In fact, the thrust of our new rules is to eliminate the procedural traps often encountered under our former rules. See Nathan L. Hecht E. Lee Parsley, Procedural Reform: Whence and Whither, in MATTHEW BENDER C.L.E., PRACTICING LAW UNDER THE NEW RULES OF TRIAL AND APPELLATE PROCEDURE 1-12 (Nov. 1997) (explaining that the 1997 revisions to the rules of appellate procedure "are meant to take the traps out of TRAP"). In its understandable zeal to get rid of "traps," however, the majority unfortunately has lost sight of the significant concept of timeliness as a prerequisite to proper invocation of the court of appeals' jurisdiction. As indicated above, even the new rules of appellate procedure require, as they must, that a party must be timely to invoke the court of appeals' jurisdiction.

Under any number of circumstances, time plays a critical role in justice. For example, statutes of limitation and repose exist to ensure that claims are made in a timely fashion. See, e.g., Trinity River Auth. v. URS Consultants, Inc., 889 S.W.2d 259, 263 (Tex. 1994) ("We start with the unassailable premise that statutes of limitation, in general, serve a public function. They 'compel the exercise of a right of action within a reasonable time so that the opposing party has a fair opportunity to defend while witnesses are available and the evidence is fresh in their minds.' ") (quoting Robinson v. Weaver, 550 S.W.2d 18, 20 (Tex. 1977)). Timely exercise of one's appellate rights is no less significant to predictability, and consequently, to justice. Failure to timely file an appeal has always been a jurisdictional error that precludes an appellate court from reaching the merits. See Davies, 561 S.W.2d at 801; Glidden, 291 S.W.2d at 318. It rightfully should remain so.

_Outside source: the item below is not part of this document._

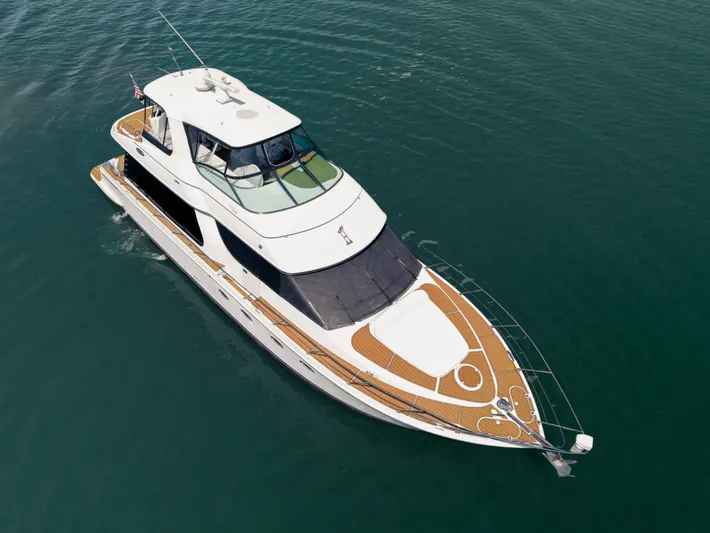 Spencer Yacht Photos Pics 2003 Carver Voyager yacht cruising on calm blue waters.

The majority's flawed reasoning is also apparent from the cases it cites. In Linwood and Grand Prairie, we held that a party's bona fide attempt to invoke the appellate court's jurisdiction will preserve its appeal. What is clearly apparent in these opinions is that the procedural defect, which rendered the party's effort at appeal only a bona fide attempt, was correctable. Concomitantly, the hopeful appellant had the obligation to correct this defect. But how would one correct untimeliness? One can't. Neither of these cases remotely signals a retreat from the principle that a party must timely appeal to invoke the court's jurisdiction.

The majority responds to my criticism by claiming that its decision "does not indefinitely extend the time in which parties may perfect an appeal" because parties supposedly "will still know within the time specified in Rule 41(a)(2) whether their opponents will seek to perfect an appeal." 659 S.W.2d at 617. My colleagues demonstrate that they do not understand what they do. The "indefiniteness" has nothing to do with not knowing whether an appeal will be filed within thirty days or forty-five days. It has everything to do with not knowing when the Court will simply "imply" a condition that never occurred to reach the result it prefers. When next will the Court "imply" filings that were never made? If the clear language of its own rules does not constrain the Court, then what will? If this is not "indefinite," then perhaps I do not understand the meaning of the word.

Finally, the majority mistakenly believes that ignoring its own rules somehow enhances "fairness." Playing by the rules is fair. Changing the rules to produce a particular result is not.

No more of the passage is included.